His C (2 <= C <= N) cows don't like this barn layout and become aggressive towards each other once put into a stall. To prevent the cows from hurting each other, FJ want to assign the cows to the stalls, such that the minimum distance between any two of them is as large as possible. What is the largest minimum distance?
输入
* Line 1: Two space-separated integers: N and C
* Lines 2..N+1: Line i+1 contains an integer stall location, xi
输出
* Line 1: One integer: the largest minimum distance
样例输入
5 3
1
2
8
4
9样例输出
3提示
OUTPUT DETAILS:
FJ can put his 3 cows in the stalls at positions 1, 4 and 8, resulting in a minimum distance of 3.
Huge input data,scanf is recommended.
题目求这个函数的极值,思路是直接枚举这个极大值d,假设这个最大值是d,那么寻找C个满足这个值的数组,直到找到目标。
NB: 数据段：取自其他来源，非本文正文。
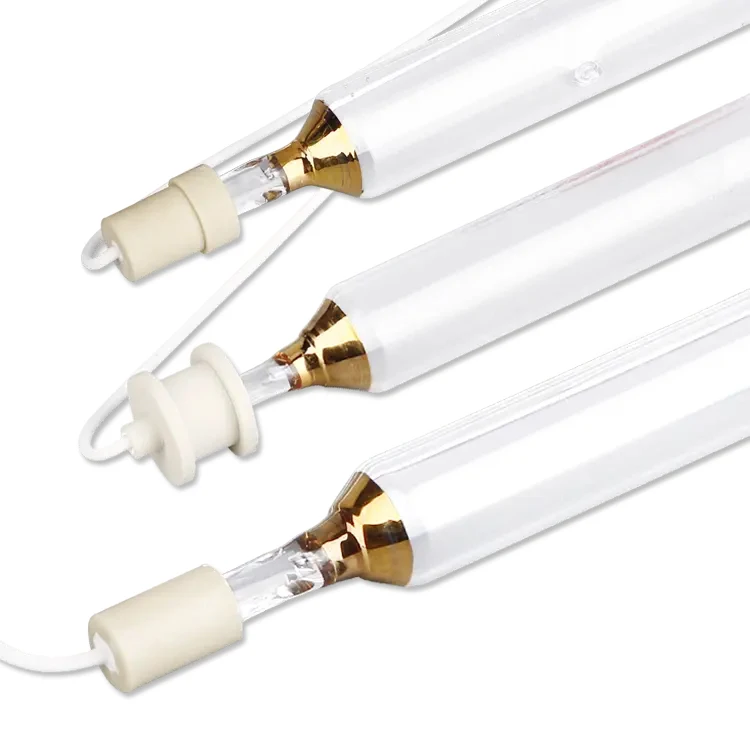 Factory wholesale UVA UV printer replacement lamp for UV paint drying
这里是采用依次寻找的方法,即第一个位置就放在x[0],依次放入后面的位置,如果满足的解的个数大于C,说明这个距离不够大,若否则说明这个d值取得最大。
所以程序最外层while 是个标准的二分程序,上面方的过程一个for循环就能实现
#include<iostream>
#include<cstdio>
#include<algorithm>
using namespace std;
#define maxn 100010
int x[maxn];
int main()
{
int n, c;
scanf_s("%d %d", &n, &c);
for (int i = 0; i < n; i++)
{
scanf_s("%d", &x[i]);
}
sort(x, x + n);
int l = x[0];
int r = x[n - 1];
while (l<r)
{
int last = x[0];
int cnt = 1;
int mid = (l + r) / 2;
for (int i = 0; i<n; i++)
{
if (x[i] - last >= mid)
{
cnt++;
last = x[i];
}
}
if (cnt >= c)
l = mid + 1;//在此最小距离下足以系下c头牛,说明可以尝试继续增大
else
r = mid;
}
printf("%d\n", l-1);
return 0;
}